- **PROBLEM DETAILS**
When a line of the entries contains the word "Pink", report that line.
_ _ _ _
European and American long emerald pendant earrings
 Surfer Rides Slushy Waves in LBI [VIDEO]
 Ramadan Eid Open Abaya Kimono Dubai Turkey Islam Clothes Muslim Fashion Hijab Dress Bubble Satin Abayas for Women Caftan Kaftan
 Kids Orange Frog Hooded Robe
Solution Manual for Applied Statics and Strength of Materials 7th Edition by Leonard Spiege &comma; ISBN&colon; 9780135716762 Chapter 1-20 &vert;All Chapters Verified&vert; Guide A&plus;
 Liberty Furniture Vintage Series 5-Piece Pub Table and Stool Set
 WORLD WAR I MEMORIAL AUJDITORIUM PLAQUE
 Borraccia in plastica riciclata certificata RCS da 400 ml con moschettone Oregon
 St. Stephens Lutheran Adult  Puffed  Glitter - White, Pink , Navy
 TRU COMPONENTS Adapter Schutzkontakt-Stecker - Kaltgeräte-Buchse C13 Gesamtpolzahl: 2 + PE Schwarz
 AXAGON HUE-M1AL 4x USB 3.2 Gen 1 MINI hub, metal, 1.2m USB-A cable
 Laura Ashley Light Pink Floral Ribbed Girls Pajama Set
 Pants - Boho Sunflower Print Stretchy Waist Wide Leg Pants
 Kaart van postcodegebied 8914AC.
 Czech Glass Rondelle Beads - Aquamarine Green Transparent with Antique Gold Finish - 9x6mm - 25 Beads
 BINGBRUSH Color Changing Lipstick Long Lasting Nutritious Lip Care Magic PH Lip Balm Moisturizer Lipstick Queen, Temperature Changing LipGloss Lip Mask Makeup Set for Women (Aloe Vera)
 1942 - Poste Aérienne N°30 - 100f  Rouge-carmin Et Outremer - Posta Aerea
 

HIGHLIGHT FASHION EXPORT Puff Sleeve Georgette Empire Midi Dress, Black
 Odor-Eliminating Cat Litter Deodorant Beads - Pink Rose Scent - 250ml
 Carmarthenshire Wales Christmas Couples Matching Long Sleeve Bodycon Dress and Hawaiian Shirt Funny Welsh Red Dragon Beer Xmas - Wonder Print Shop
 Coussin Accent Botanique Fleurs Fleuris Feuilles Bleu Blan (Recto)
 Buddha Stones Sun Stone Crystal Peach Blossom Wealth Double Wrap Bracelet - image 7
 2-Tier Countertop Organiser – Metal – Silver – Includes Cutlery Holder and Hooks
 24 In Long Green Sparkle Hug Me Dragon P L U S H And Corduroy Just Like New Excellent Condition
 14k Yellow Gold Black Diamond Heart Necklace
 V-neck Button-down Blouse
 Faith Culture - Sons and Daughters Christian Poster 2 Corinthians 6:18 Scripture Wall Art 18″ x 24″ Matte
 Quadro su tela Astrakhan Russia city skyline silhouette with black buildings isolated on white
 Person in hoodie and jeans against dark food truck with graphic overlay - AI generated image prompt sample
_ _ _ _
- **ANSWER BOX**
 St. Stephens Lutheran Adult  Puffed  Glitter - White, Pink , Navy
 Laura Ashley Light Pink Floral Ribbed Girls Pajama Set
 Odor-Eliminating Cat Litter Deodorant Beads - Pink Rose Scent - 250ml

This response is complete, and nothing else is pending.